Art. 1 - Il presente regolamento disciplina erogazione e fruizione del servizio delle lampade di illuminazione votiva nel cimitero comunale.

Art. 2 - STIPULA DEL CONTRATTO

L’utente agisce col preventivo consenso di tutti gli interessati o aventi causa. L’erogazione del servizio ha inizio con la domanda di allaccio di luce votiva all’Ufficio Riscossione mediante la sottoscrizione di apposita domanda in bollo e successivamente se esistono le condizioni tecniche, alla stipula del contratto, anch’esso in bollo, nel quale devono essere specificati i dati anagrafici del soggetto richiedente, nominativo del/i defunto/i con indicazione della data di morte e cimitero di destinazione con precisa indicazione dell’esatta ubicazione.
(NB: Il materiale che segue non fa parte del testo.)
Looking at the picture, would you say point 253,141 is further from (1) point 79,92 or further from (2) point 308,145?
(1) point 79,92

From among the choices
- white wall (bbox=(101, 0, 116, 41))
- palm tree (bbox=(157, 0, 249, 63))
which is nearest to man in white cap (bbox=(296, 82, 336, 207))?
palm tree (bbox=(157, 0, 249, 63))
Il contratto deve essere fatto per ciascuna luce votiva richiesta per una potenza massima di 3 (tre) Watt, alimentata in bassa tensione, o suo multiplo (sempre a lampada unica), ovvero con un potere di illuminazione pari ad una lampada ad incandescenza di 3 Watt o suo multiplo. La stipula del contratto si perfeziona con il versamento alla Ragioneria Comunale della somma stabilita con apposita deliberazione, che per il 2003, in base al semestre di sottoscrizione: dal 1 gennaio al 30 giugno, contributo fisso € 7,75 + Iva al 20%, € 6,20 per diritti di segreteria, per complessivi € 15,50 e fatturazione dell’anno in corso. Dal 1 luglio al 31 dicembre come il precedente semestre con l’aggiunta del 50% del canone e fatturazione a partire dall’anno successivo alla stipula del contratto. A partire dall’entrata in vigore del nuovo regolamento, i nuovi contratti dovranno pagare una cauzione pari al canone annuale IVA esclusa, che verrà restituita al termine del contratto, dopo verifica dei pagamenti.
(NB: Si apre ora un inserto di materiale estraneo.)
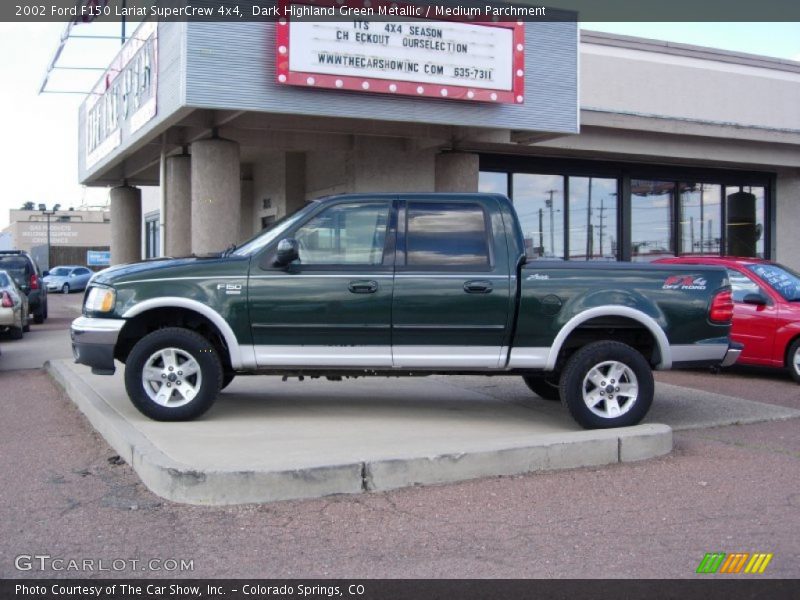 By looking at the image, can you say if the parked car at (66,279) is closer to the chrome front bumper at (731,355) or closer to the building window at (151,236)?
the building window at (151,236)

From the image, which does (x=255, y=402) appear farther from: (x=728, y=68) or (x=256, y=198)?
(x=728, y=68)

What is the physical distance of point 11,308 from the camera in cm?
1653

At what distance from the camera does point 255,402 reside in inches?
343

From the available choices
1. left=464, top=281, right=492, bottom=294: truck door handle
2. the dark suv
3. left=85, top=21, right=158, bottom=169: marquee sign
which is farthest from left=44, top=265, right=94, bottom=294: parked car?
left=464, top=281, right=492, bottom=294: truck door handle

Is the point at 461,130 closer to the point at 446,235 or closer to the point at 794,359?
the point at 794,359

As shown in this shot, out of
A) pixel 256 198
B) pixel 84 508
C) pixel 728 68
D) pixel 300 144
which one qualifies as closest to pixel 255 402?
pixel 84 508

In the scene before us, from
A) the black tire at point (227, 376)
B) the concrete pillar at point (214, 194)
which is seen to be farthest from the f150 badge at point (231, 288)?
the concrete pillar at point (214, 194)

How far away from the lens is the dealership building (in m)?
13.5

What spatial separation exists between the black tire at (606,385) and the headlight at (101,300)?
3.89m

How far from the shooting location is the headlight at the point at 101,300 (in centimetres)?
732

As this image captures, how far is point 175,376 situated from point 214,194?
26.5ft

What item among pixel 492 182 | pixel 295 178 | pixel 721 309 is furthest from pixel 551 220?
pixel 721 309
Il contratto è tacitamente rinnovato di anno in anno sin quando non viene presentata apposita domanda di disdetta, riguardante economicamente l’anno successivo alla presentazione della stessa.
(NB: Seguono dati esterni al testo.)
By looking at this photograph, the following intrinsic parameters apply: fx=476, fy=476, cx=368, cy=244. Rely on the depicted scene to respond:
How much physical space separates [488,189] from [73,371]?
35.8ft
Art. 3 – ADEMPIMENTI CONSEGUENTI AL FINE DELL’ACCENSIONE

Ad avvenuta sottoscrizione, copia della quietanza attestante l’avvenuto pagamento dell’allaccio del contratto deve essere inviata, a cura dell’Ufficio Ragioneria, all’Ufficio Riscossione. L’Ufficio Riscossione provvede, a tal punto, all’inserimento dei dati nel programma per la gestione del suddetto servizio e contemporaneamente alla comunicazione, per iscritto, dei nuovi utenti all’Ufficio Tecnico nella persona del responsabile del servizio. L’allaccio sarà attivato entro un mese dalla data del pagamento. Tale termine si intende garantito qualora tutte le opere edili di competenza del privato siano idonee e ultimate.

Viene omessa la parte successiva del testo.